Si l'on continue de caractériser tout mouvement populaire comme des mouvements d'extrême droite ou comme la source de son « renforcement » pour mieux s'en distancier, alors il ne faudra pas s'étonner qu'effectivement les classes populaires et le prolétariat lui-même finissent par se tourner vers l'extrême droite : c'est une sorte de prophétie autoréalisatrice.
Certains propos en disent au final long sur ce qui structure parfois notre propre camp politique : un dogmatisme étriqué, un antifascisme qui en vient à considérer n’importe quel mouvement populaire (confondu avec un mouvement transclassiste) comme proto-fasciste, une interprétation expéditive de "l’apolitisme" et du "citoyennisme" revendiqué par le mouvement comme une "option politique" de l’extrême droite, une tentative de masquer la conflictualité de classe, alors qu’il peut s’agir simplement de l’expression d’un véritable dégoût du syndicalisme et de la politique classique (sur lequel l’extrême droite essaye effectivement de faire son beurre). Et parler de « poujadisme » pour caractériser un mouvement qui n’est pas initié ni dirigé par des organisations de patrons et de commerçants est tout simplement ridicule.

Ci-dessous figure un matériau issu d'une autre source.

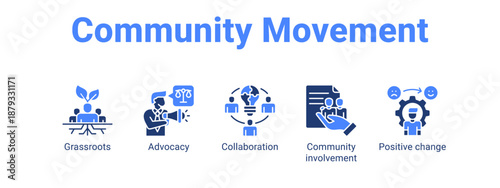 Community Movement web banner icon vector illustration concept for  with icon of Grassroots, Advocacy, Collaboration, Community.
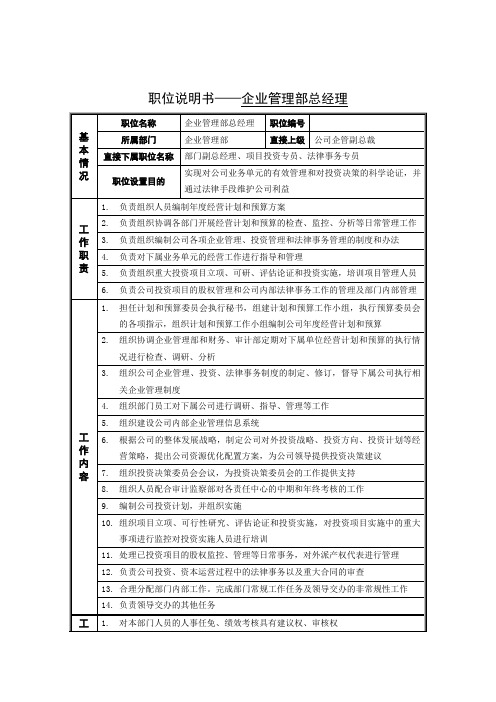 企业各部门岗位职责范本大全D000003)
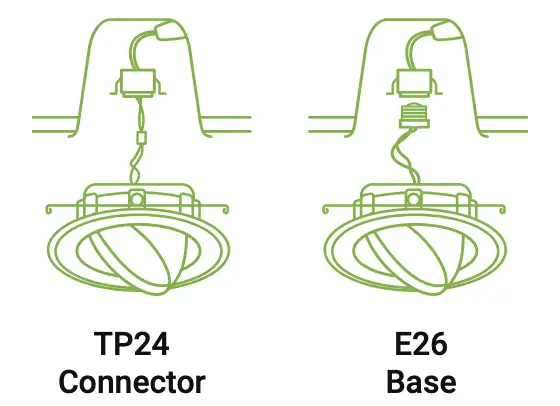 EASY INSTALLATION Figure 4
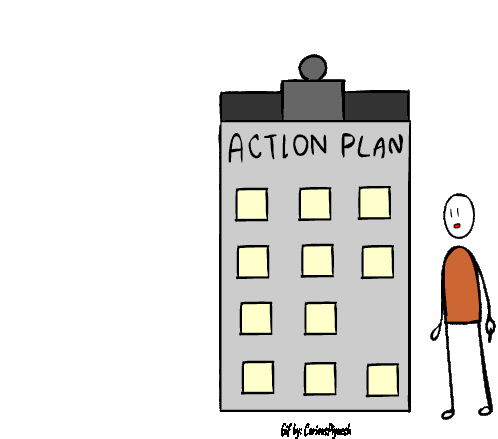 Curiouspiyuesh Piyueshmodi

Il est enfin comique de constater qu’une partie de notre camp politique se fasse les défenseurs des taxes à la consommation les plus injustes en les confondant parfois avec la baisse des charges sociales et du coût du travail que revendique le patronat. Ou encore, de défendre les taxes et l’impôt comme source de financement de la « transition énergétique » et des services publics, de redistribution des richesses etc. bref, de défendre une certaine forme d’étatisme comme moyen de redistribution de la valeur pour financer des biens et services censés servir « l’intérêt général » (ce qui n’est de toute manière même pas le cas).
Et maintenant ?
Il n’y a pas à opposer le refus de la hausse des taxes à la consommation qui affecte directement le niveau de vie du prolétariat à la hausse des salaires : les deux participent d’un même intérêt de classe partisan.
Les seules questions qui vaillent pour nous est de savoir comment construire un lien avec ce mouvement dont la nature n’est pas donnée ni déterminée par avance, ou comment agir en parallèle sur d’autres bases et énoncés (qui lierait la question sociale et écologique par exemple) et, si ce mouvement s’inscrit dans la durée, comment construire des interventions politiques significatives, sur quel mot d’ordre, qu’il y ait les syndicats ou non. C’est toujours mieux que de partir défaitiste et de voir l’extrême droite partout à la manœuvre dans une crise aiguë de paranoïa et de décrire ces 300 000 personnes comme des fachos ou des proto-fachos qui ne partagent pas nos codes, nos énoncés, nos pratiques comme la quasi-totalité des gens qui n’appartiennent pas à nos groupuscules politiques.